Yan: But, yeah, no DynamoDB. I think SQS was there. S3 was there. SNS, I think, wasn't even there at the time. So, that's quite bare bone compared to what you have nowadays on AWS. So, from there, I worked there in the games industry for quite a number of years working on Facebook games and then mobile games when everyone just left Facebook to play games on their mobile phones. So, we can just follow the way where the audience is.
Yan: So, from then on... I don't know if you have seen this before where people had a job for a very long time and then once they leave their job, they start to hop every year or 18 months. I went through that phase. I left this job where I was there for six seven, years, and then suddenly I found myself jumping between different industries.
Yan: I was in the social networking for a bit. I was in the sports streaming for a bit. I was in e-commerce for a few months with Just Eat. I don't know. I just went through this phase where it goes to a place. You experience a new industry, but then you got to the point where you want to try something else again. So, I spent a couple of years, went through quite a few different industries and learned quite a bit about how different industries work.

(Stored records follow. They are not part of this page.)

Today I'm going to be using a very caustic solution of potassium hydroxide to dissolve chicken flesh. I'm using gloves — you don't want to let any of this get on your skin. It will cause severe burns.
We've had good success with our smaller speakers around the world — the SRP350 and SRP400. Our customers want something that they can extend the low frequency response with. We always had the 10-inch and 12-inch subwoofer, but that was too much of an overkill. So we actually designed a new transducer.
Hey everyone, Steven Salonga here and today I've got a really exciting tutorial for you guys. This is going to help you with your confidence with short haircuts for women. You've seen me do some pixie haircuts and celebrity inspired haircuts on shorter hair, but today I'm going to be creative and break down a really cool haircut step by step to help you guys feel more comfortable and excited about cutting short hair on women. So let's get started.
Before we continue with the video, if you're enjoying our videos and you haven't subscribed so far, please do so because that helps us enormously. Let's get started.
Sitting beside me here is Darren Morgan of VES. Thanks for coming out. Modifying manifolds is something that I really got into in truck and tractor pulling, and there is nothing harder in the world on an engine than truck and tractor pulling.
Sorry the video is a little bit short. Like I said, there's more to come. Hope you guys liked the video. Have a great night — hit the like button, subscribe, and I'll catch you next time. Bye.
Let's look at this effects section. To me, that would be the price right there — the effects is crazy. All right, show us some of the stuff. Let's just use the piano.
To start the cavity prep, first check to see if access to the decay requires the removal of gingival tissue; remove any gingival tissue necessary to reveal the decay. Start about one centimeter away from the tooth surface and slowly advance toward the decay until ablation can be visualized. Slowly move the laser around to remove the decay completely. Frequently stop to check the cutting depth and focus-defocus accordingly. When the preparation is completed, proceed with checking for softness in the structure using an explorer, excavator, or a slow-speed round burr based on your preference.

Yan: Some of these interesting challenges I was in DAZN, which is the biggest sports streaming platform. And that's where you learn about some of the really high scale problems and also the challenges of doing live streaming. Because even though we weren't dealing with the actual media streaming itself, you still have to build systems that can sustain the really spiky traffic, because Man United is playing Liverpool, for example, big match, watched by over a million people concurrently.
Yan: Everyone comes in just before the match. Literally, within 30 seconds we go from almost no traffic to tens of thousands of requests per second. So, you have to build your system in a certain way, and you have to think about those kind of things. You have to think about uptime quite extensively. Unlike catalog content that you can download on demand, you can't just cache anything. There's nothing to cache. Everything is coming in live. So, if you've got any kind of outage, then no one can watch the match.
Yan: And the fact that early on in DAZN they had issue with the outage during a big J League match. And there was a pretty significant impact, because when that happened, no one could watch the match. And they almost lost the license for the J League, which they spent like $2 billion to acquire something like that. So, there's a lot of emphasis on uptime and the resilience and scalability. So, that was a really interesting learning experience in terms of how to build systems that can support that kind of workload, that kind of a spiky traffic.
Yan: And, of course, because of that, even though we're all big fans of serverless at DAZN, you can't use Lambda in a lot of the workloads that need to basically deal with that spiky traffic. Because Lambda, even though it's scalable, it's scalable up to a certain point, and once you go beyond that point, then it becomes quite challenging to meet those scalability demands you reach with Lambda.
Yan: So, there's very much a mixed environment with lots of containers, also with Lambda as much as possible for things that are not on that user-facing path where you get that million people joining at the same time. Or you can cache things, cache your API responses. DAZN was a really interesting learning experience. Since then I've gone the similar path to you. I've gone independent as a consultant, which I'm actually enjoying a lot as well.
Yan: The variety of work, the variety of problems and domains people are working in and you trying to step into their issues and help them has been really enlightening. You know how I talked about running through that phase where jumping between different industries? It's almost like that, but on steroids. Now every client you're working with are probably coming from a different industry.
Yan: And they have different contacts and constraints that you have to work with, and you have to apply what you know and try to help them the best way you can. So, I find that has been really, really interesting. You learn a lot from the clients. Even though you are helping them, you are lending them your expertise, but you also learn a lot in the process as well.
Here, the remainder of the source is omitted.